Electric vehicles use batteries to power the electric motor, which drives the vehicle. A manufacturer can either use a Lithium-ion battery, a Lead-acid battery, or an Ultracapacitor battery. It depends on the model type, cost, and specifications of the vehicle. This article discusses the different types of electric vehicle batteries used in an electric vehicle.
What does a battery in an electric vehicle do?
An electric car has an electric motor instead of an internal combustion engine. The motor rotates the tires, propelling the vehicle. The energy to power the electric motor is provided by the battery. When the battery level of the vehicle goes down, it can be charged by plugging into the grid. The vehicle can either be a battery-electric vehicle (BEV) or a plugin-hybrid electric vehicle (PHEV).
An important aspect of the battery-related metric is the vehicle’s range. It is the number of miles or kilometers you can drive before the battery runs out entirely.

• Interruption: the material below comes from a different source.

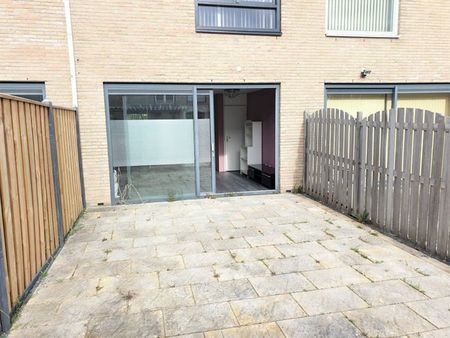 Te huur: Studio Multatuliweg in Almere - Photo 3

Any vehicle’s range depends on two factors:
- Battery capacity (measured in kWh)
- The optimization for efficiency (done by the car manufacturer).
How many batteries does an electric car have?
An electric car has two types of batteries, i.e., a Traction battery and an Auxiliary battery.
It is the primary battery of an electric car. The purpose of this battery is to drive the electric traction motor. Whereas gas cars are powered through an internal combustion engine.
The purpose of this battery is to power the vehicle accessories, like headlights, indication lights, and more. A gas car also has this battery for the mentioned applications.
What are the different types of electric vehicle batteries?
The following four EV batteries are commonly used in battery-electric vehicles (BEV) and hybrids. Each one has its pros and cons.
- Lithium-ion batteries
- Nickel-Metal Hydride batteries
- Lead-Acid batteries
- Ultracapacitor batteries
These are the most common type of EV batteries and are also found in consumer electronic items like smartphones, tablets, and laptops.
Lithium-ion batteries are preferred due to their high energy per unit mass compared to other batteries. They also have the advantages of a high power-to-weight ratio, energy efficiency, high-temperature performance, and low self-discharge.
Note: Tesla was the first EV maker to use lithium-ion batteries in the mass production of their original Roadster.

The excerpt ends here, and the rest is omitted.